Smart antenna technology is directed to antennas having the ability to change radio beam transmission and reception patterns to suit the environment within which radio communication systems operate. Smart antennas have the advantage of providing relatively high radio link gain without adding excessive cost or system complexity.
Smart antenna technology has been used in wireless communication systems for decades, and has recently been investigated for use in wireless local area networks (WLANs). In a WLAN, a client station (CS) is a device used by a mobile end user for communication with other stations within the same WLAN or with other entities outside of the WLAN. Central hubs that provide distribution services in WLANs are referred to as access points (APs). Access points are similar to base stations in wireless telecommunication systems.
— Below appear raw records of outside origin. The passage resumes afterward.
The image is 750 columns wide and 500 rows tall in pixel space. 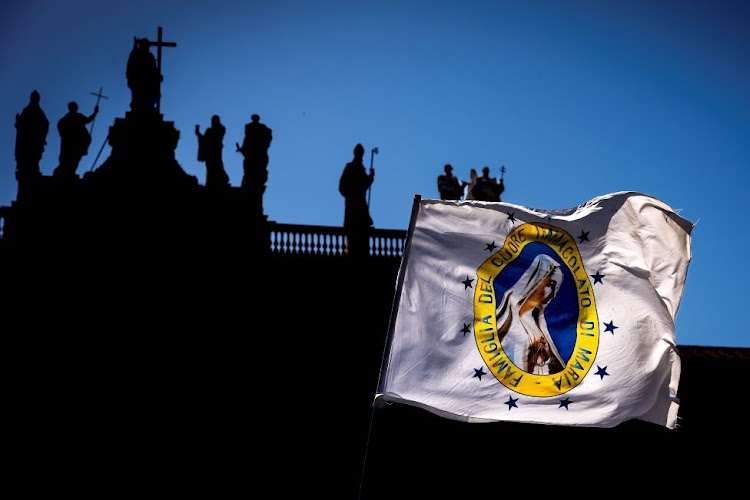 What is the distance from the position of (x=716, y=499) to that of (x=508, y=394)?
11650 millimetres

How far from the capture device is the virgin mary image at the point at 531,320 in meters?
10.5

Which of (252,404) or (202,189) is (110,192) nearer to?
(202,189)

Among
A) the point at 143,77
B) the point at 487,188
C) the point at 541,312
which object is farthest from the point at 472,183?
the point at 541,312

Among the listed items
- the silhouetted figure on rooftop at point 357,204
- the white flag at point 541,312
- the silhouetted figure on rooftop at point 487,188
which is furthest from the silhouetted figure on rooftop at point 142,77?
the white flag at point 541,312

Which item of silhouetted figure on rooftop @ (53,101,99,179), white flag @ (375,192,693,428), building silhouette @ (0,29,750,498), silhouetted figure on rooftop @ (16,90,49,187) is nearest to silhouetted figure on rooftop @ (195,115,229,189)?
building silhouette @ (0,29,750,498)

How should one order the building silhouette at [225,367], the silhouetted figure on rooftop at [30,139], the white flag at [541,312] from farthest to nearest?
the silhouetted figure on rooftop at [30,139] → the building silhouette at [225,367] → the white flag at [541,312]

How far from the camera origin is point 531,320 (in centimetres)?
1070

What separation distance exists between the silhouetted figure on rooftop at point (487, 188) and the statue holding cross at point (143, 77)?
6.74 m

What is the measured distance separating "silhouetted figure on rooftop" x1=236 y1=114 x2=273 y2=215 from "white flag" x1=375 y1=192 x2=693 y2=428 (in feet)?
40.6

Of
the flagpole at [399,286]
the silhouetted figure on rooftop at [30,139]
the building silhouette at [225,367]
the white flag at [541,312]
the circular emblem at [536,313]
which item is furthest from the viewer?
the silhouetted figure on rooftop at [30,139]

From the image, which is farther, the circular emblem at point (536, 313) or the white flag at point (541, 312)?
the circular emblem at point (536, 313)

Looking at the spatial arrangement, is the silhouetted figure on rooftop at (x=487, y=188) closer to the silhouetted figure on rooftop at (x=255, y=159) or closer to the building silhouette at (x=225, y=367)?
the building silhouette at (x=225, y=367)

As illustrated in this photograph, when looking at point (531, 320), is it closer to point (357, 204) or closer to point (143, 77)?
point (357, 204)

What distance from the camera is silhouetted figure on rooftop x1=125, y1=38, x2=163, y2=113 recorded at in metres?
23.3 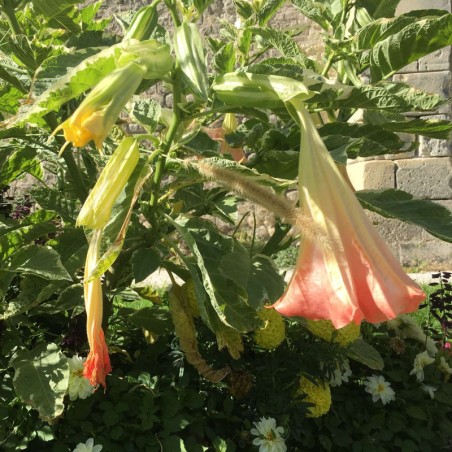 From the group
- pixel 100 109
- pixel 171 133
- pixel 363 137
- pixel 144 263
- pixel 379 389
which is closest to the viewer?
pixel 100 109

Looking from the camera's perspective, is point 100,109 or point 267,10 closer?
point 100,109

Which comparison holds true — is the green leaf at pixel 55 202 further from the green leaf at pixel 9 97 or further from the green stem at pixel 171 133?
the green stem at pixel 171 133

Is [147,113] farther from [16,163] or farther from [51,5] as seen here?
[16,163]

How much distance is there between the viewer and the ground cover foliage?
3.38ft

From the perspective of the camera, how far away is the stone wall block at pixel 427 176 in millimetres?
5480

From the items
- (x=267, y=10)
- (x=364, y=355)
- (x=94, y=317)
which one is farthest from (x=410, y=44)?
(x=364, y=355)

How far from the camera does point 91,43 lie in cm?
117

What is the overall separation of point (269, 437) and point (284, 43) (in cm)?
79

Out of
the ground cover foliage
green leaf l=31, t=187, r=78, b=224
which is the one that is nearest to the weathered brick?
the ground cover foliage

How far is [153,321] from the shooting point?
1.59 m

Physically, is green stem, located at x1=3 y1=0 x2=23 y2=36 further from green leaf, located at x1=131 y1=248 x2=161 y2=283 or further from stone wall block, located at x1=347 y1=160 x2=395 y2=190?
stone wall block, located at x1=347 y1=160 x2=395 y2=190

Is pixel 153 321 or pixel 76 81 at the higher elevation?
pixel 76 81

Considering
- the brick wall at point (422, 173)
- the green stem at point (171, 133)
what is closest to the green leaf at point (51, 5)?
the green stem at point (171, 133)

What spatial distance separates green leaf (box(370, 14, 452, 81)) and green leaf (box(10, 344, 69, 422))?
789 mm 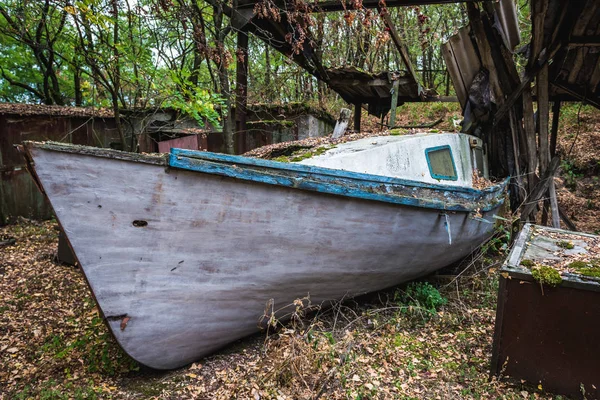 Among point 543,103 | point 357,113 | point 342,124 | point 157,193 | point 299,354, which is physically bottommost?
point 299,354

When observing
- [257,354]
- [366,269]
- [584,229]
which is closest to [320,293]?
[366,269]

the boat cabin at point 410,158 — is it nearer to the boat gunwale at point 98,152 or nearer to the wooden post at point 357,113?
the boat gunwale at point 98,152

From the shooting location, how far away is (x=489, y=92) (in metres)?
6.57

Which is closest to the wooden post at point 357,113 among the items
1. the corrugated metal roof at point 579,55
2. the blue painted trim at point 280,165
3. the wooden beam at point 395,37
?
the wooden beam at point 395,37

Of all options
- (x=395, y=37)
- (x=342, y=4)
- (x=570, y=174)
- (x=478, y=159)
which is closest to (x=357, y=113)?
(x=395, y=37)

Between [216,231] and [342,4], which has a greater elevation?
[342,4]

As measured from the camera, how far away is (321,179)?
327 cm

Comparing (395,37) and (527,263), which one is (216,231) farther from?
(395,37)

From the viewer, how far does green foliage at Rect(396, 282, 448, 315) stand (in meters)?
4.50

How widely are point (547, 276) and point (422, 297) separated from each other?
195 cm

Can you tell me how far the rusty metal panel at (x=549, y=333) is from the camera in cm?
274

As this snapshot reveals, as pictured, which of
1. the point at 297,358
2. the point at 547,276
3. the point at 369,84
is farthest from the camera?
the point at 369,84

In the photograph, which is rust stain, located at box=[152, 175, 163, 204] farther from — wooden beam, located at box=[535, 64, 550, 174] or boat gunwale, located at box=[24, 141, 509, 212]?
wooden beam, located at box=[535, 64, 550, 174]

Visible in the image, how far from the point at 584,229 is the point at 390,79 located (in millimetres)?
5111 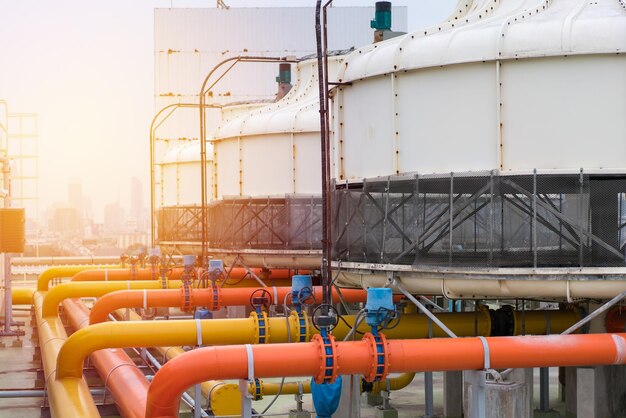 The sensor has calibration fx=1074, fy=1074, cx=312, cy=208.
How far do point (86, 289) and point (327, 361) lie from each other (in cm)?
1697

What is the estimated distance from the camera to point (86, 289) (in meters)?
32.2

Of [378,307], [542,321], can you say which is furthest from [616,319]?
[378,307]

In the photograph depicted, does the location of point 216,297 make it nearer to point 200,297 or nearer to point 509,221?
point 200,297

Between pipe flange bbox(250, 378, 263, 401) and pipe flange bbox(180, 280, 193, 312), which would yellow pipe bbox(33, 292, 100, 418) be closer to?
pipe flange bbox(180, 280, 193, 312)

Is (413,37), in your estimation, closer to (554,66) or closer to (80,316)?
(554,66)

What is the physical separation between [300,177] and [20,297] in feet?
62.7

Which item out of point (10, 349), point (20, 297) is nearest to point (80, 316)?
point (10, 349)

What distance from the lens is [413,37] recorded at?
65.7 ft

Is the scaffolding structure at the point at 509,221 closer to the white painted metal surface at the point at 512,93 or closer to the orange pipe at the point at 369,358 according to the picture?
the white painted metal surface at the point at 512,93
A client station can be equipped with a smart antenna as well as an antenna steering algorithm that enables the antenna to switch electronically to a particular directional antenna beam. This enables the client station to communicate with its access point while achieving high performance.
Signal quality information, such as a received signal strength indicator (RSSI) or a signal-to-noise ratio (SNR), is typically used to determine or steer a preferred directional antenna beam. However, it is difficult to accurately measure signal quality information when the received signal includes undistorted signals plus random noise. In addition, the received signal itself may be distorted and directional interference may be added in the received signal. Consequently, signal quality information alone may not always be a reliable indicator of the quality of the radio link. This is especially true in radio environments that are rich with interference coming from other client stations and access points, or other types of noise and interference sources.
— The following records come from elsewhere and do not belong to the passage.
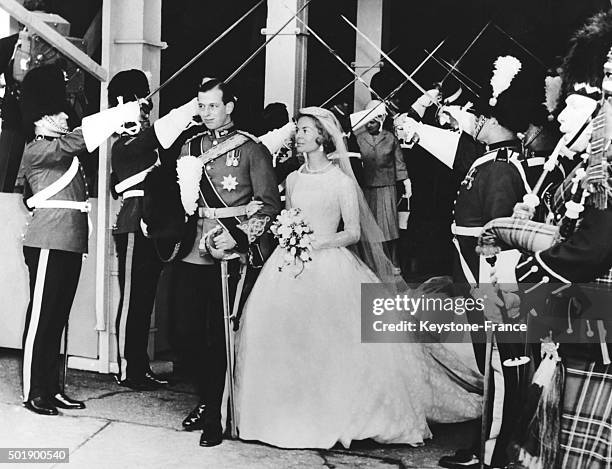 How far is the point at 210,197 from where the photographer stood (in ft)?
14.4

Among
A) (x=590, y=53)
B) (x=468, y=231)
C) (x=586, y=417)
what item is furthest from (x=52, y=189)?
(x=586, y=417)

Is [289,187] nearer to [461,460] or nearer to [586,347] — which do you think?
[461,460]

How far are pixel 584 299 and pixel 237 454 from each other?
5.90 feet

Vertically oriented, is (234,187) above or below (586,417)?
above

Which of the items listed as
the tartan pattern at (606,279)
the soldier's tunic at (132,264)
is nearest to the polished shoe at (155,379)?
the soldier's tunic at (132,264)

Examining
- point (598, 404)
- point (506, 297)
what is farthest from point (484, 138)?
point (598, 404)

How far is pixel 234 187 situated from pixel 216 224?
191mm

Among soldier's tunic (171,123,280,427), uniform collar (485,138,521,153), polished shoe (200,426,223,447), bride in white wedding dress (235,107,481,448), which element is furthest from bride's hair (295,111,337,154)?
polished shoe (200,426,223,447)

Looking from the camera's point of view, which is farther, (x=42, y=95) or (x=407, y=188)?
(x=407, y=188)

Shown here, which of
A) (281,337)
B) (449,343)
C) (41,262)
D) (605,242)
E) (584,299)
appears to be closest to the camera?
(605,242)

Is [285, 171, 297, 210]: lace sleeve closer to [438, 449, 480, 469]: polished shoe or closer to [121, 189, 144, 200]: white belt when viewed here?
[121, 189, 144, 200]: white belt

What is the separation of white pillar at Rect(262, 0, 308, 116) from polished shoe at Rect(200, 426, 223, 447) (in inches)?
83.1

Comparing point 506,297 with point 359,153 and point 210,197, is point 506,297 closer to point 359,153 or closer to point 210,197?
point 210,197

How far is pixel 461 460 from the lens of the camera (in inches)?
158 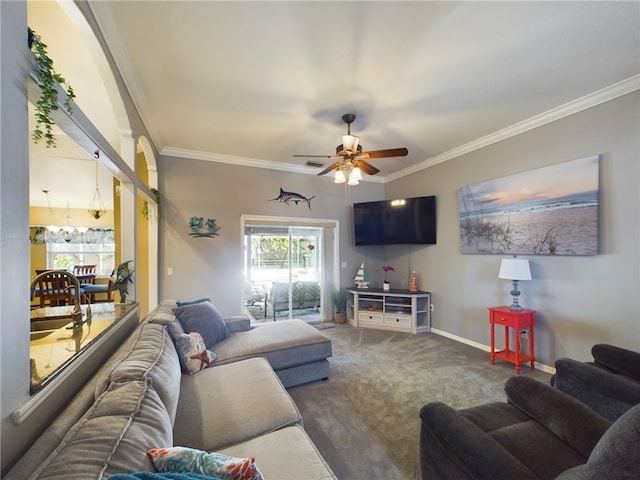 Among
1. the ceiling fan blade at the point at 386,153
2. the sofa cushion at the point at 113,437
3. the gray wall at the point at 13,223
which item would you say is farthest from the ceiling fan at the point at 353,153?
the sofa cushion at the point at 113,437

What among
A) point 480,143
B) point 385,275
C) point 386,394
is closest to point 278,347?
point 386,394

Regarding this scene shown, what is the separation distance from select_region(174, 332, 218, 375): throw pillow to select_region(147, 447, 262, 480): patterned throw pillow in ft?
4.12

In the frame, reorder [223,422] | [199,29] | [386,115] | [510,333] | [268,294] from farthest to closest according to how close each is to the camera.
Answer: [268,294] < [510,333] < [386,115] < [199,29] < [223,422]

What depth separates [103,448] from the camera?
768 mm

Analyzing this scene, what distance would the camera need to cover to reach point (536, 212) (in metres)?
3.03

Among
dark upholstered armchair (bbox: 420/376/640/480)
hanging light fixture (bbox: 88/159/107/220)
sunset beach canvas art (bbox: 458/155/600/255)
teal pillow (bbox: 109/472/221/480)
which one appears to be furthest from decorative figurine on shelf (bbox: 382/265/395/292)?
hanging light fixture (bbox: 88/159/107/220)

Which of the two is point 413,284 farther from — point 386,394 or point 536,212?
point 386,394

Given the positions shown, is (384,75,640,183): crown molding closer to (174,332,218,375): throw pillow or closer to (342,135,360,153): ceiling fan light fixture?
(342,135,360,153): ceiling fan light fixture

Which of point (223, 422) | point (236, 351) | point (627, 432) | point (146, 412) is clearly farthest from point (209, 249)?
point (627, 432)

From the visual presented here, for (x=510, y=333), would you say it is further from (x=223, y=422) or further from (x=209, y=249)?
(x=209, y=249)

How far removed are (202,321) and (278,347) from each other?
2.49 feet

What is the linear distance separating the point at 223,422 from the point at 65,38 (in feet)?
9.57

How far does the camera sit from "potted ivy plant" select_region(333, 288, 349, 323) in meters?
5.03

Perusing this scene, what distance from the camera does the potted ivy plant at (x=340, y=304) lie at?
503 cm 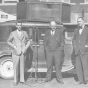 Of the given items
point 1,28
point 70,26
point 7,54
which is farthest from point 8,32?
point 70,26

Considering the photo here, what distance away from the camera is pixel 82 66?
22.0ft

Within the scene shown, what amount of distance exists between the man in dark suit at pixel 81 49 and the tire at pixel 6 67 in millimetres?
2175

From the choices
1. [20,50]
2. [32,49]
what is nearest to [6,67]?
[32,49]

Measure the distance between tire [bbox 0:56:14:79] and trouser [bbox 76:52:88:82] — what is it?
7.12 ft

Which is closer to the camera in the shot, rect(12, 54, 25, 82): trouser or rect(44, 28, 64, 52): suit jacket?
rect(12, 54, 25, 82): trouser

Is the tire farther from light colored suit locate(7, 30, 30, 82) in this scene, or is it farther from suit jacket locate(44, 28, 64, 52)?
suit jacket locate(44, 28, 64, 52)

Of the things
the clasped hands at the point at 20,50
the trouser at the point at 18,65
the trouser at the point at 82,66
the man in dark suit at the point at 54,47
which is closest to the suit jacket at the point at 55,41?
the man in dark suit at the point at 54,47

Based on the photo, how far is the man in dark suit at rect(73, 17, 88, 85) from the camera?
6.63 metres

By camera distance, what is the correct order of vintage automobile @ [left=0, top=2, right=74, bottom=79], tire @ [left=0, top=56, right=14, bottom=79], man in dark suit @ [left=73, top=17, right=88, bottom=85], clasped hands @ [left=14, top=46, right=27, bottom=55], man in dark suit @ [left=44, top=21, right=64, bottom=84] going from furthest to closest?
1. tire @ [left=0, top=56, right=14, bottom=79]
2. vintage automobile @ [left=0, top=2, right=74, bottom=79]
3. man in dark suit @ [left=44, top=21, right=64, bottom=84]
4. man in dark suit @ [left=73, top=17, right=88, bottom=85]
5. clasped hands @ [left=14, top=46, right=27, bottom=55]

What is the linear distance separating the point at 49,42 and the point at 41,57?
0.78 metres

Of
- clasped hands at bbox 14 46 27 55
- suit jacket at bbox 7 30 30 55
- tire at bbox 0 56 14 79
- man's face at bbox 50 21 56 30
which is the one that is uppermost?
man's face at bbox 50 21 56 30

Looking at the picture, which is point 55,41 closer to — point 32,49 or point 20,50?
point 32,49

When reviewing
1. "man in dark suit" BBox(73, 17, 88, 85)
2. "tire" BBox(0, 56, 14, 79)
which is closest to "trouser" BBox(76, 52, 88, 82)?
"man in dark suit" BBox(73, 17, 88, 85)

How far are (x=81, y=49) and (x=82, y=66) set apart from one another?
50cm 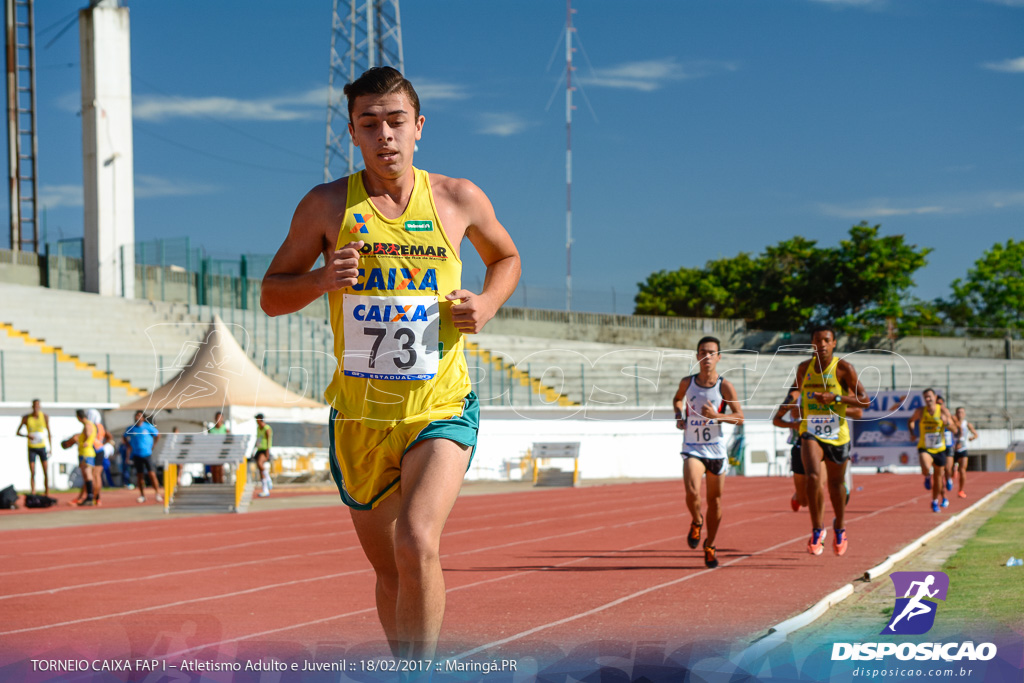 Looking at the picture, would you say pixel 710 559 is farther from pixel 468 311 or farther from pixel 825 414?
pixel 468 311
Once a directional antenna beam has been selected for a smart antenna, the quality of the radio link may change if the client station moves or an object moves into the radio link path. As a result, the selected directional antenna beam may no longer be the preferred antenna beam. To maintain communications, the other available antenna beams may be re-scanned for selecting a new preferred antenna beam. As noted above, the signal quality information alone may not always be a reliable indicator of the quality of the radio link when re-scanning.